1.Paste Deworming Protocol:
This schedule is recommended for the
Northeastern United States for horses not on a continuous deworming
program.( i.e. daily Strongid C 2X):
January-Ivermectin/praziquantel combination (Equimax)
March-Oxibendazole (Anthelcide)
May-Moxidectin (Quest) ( Use in horses only. We do not recommend using in miniature horses or ponies.)
-Ivermectin (Equell) for miniature horses and ponies
July-Double dose Pyrantel Pamoate (Strongid)
September-Ivermectin/Praziquantel combination (Equimax)
November-Double dose Fenbendazole
(Panacur) This can be repeated for 4 more days if horse is showing
signs of small strongyle infestation (poor coat, chronic colic,
diarrhea, unthrifty)
**Remember to read the active ingredient. For example fenbendazole is the active ingredient in Panacur and Safeguard.

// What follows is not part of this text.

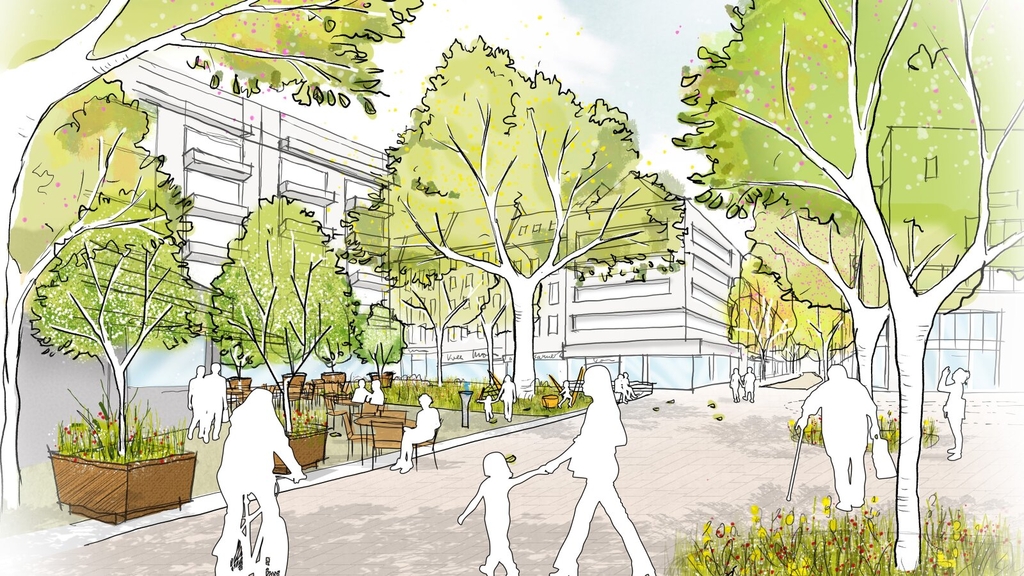 Visualisierung der geplanten Umgestaltung der Platzfläche auf dem Willy-Millowitsch-Platz. Zu sehen sind viele Fußgänger*innen, die flanieren oder auf Sitzgelegenheiten Pause machen. Zudem ist ein Radfahrer zu sehen. Der Platz ist sehr grün, ein Wasserbrunnen ist zu sehen.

2. Daily Deworming Protocol
Deworm December and June with
Ivermectin/praziquantel combination(Equimax) and keep horse on a daily
dewormer, pyrantel pamoate (Strongid 2 x). If you choose this protocol,
we recommencd enrolling in the Preventicare Program offered by Pfizer.
Note* Before starting the continuous deworming program, deworm with Equimax, Quest or a Panacur Power Pac.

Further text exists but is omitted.